Helix: A Vision-Language-Action Model for Generalist Humanoid Control

February 20, 2025

Introducing Helix

We're introducing Helix, a generalist Vision-Language-Action (VLA) model that unifies perception, language understanding, and learned control to overcome multiple longstanding challenges in robotics. Helix is a series of firsts:

Full-upper-body control: Helix is the first VLA to output high-rate continuous control of the entire humanoid upper body, including wrists, torso, head, and individual fingers.
Multi-robot collaboration: Helix is the first VLA to operate simultaneously on two robots, enabling them to solve a shared, long-horizon manipulation task with items they have never seen before.
Pick up anything: Figure robots equipped with Helix can now pick up virtually any small household object, including thousands of items they have never encountered before, simply by following natural language prompts.
One neural network: Unlike prior approaches, Helix uses a single set of neural network weights to learn all behaviors—picking and placing items, using drawers and refrigerators, and cross-robot interaction—without any task-specific fine-tuning.
Commercial-ready: Helix is the first VLA that runs entirely onboard embedded low-power-consumption GPUs, making it immediately ready for commercial deployment.

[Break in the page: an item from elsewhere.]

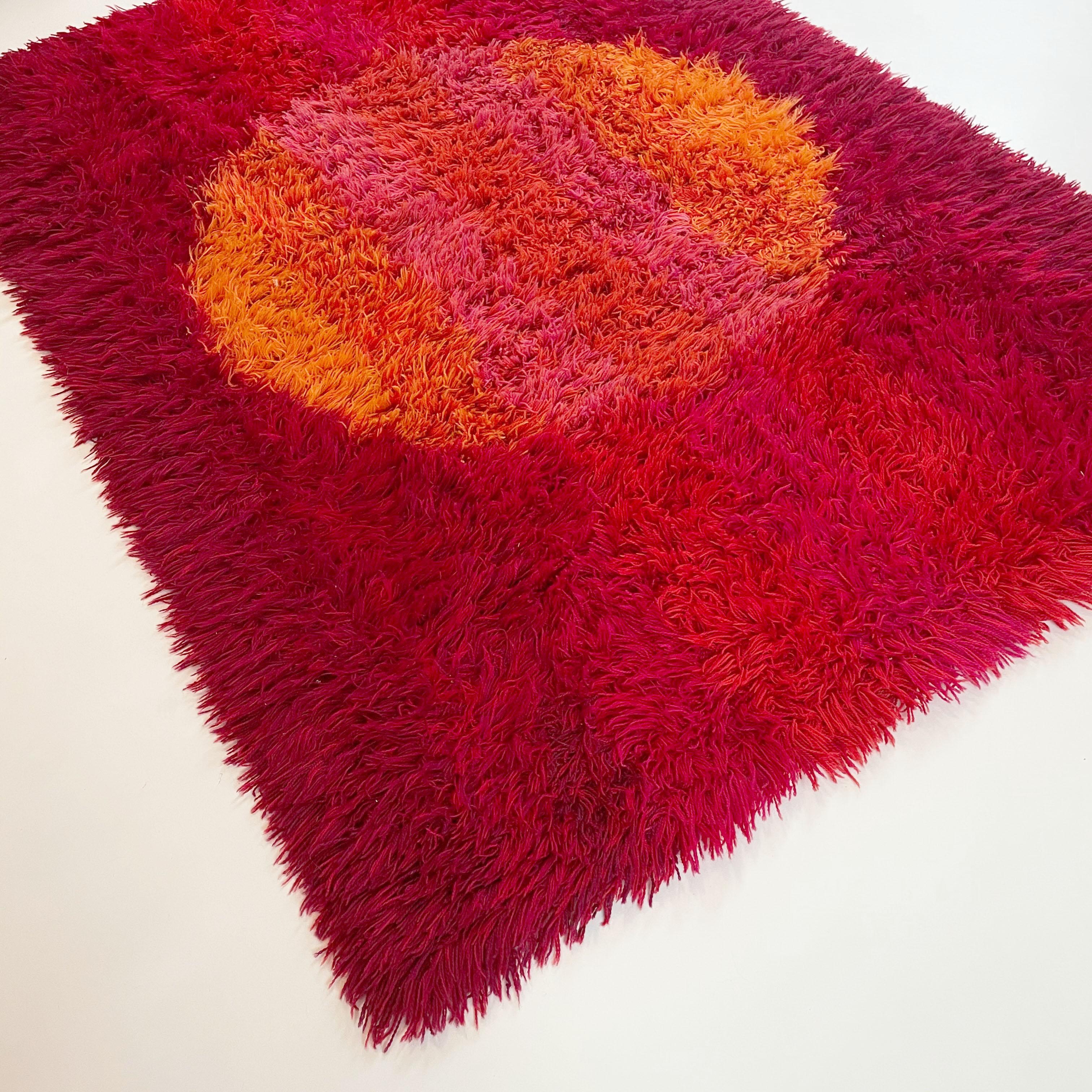 Abstract Scandinavian High Pile Panton Style Rya Rug Carpet, Sweden, 1970s 4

Video 1: Collaborative grocery storage. A single set of Helix neural network weights runs simultaneously on two robots as they work together to put away groceries neither robot has ever seen before.

New Scaling for Humanoid Robotics

The home presents robotics' greatest challenge. Unlike controlled industrial settings, homes are filled with countless objects–delicate glassware, crumpled clothing, scattered toys–each with unpredictable shapes, sizes, colors, and textures. For robots to be useful in households, they will need to be capable of generating intelligent new behaviors on-demand, especially for objects they've never seen before.

The current state of robotics will not scale to the home without a step change. Teaching robots even a single new behavior currently requires substantial human effort: either hours of PhD-level expert manual programming or thousands of demonstrations. Both are prohibitively expensive when we consider how vast the problem of the home truly is.

Figure 1: Scaling curves for different approaches to acquiring new robot skills. In conventional heuristic manipulation, skills grow with PhDs who manually script them. In conventional robot imitation learning, skills scale with data collected. With Helix, new skills can be specified on the fly with language.

But other domains of AI have mastered this kind of instant generalization. What if we could simply translate the rich semantic knowledge captured in Vision Language Models (VLMs) directly into robot actions? This new capability would fundamentally alter robotics' scaling trajectory (Figure 1). Suddenly, new skills that once took hundreds of demonstrations could be obtained instantly just by talking to robots in natural language. The key problem becomes: how do we extract all this common-sense knowledge from VLMs and translate it into generalizable robot control? We built Helix to bridge this gap.

Helix: A "System 1, System 2" VLA for Whole Upper Body Control

Helix is a first-of-its-kind "System 1, System 2" VLA model for high-rate, dexterous control of the entire humanoid upper body.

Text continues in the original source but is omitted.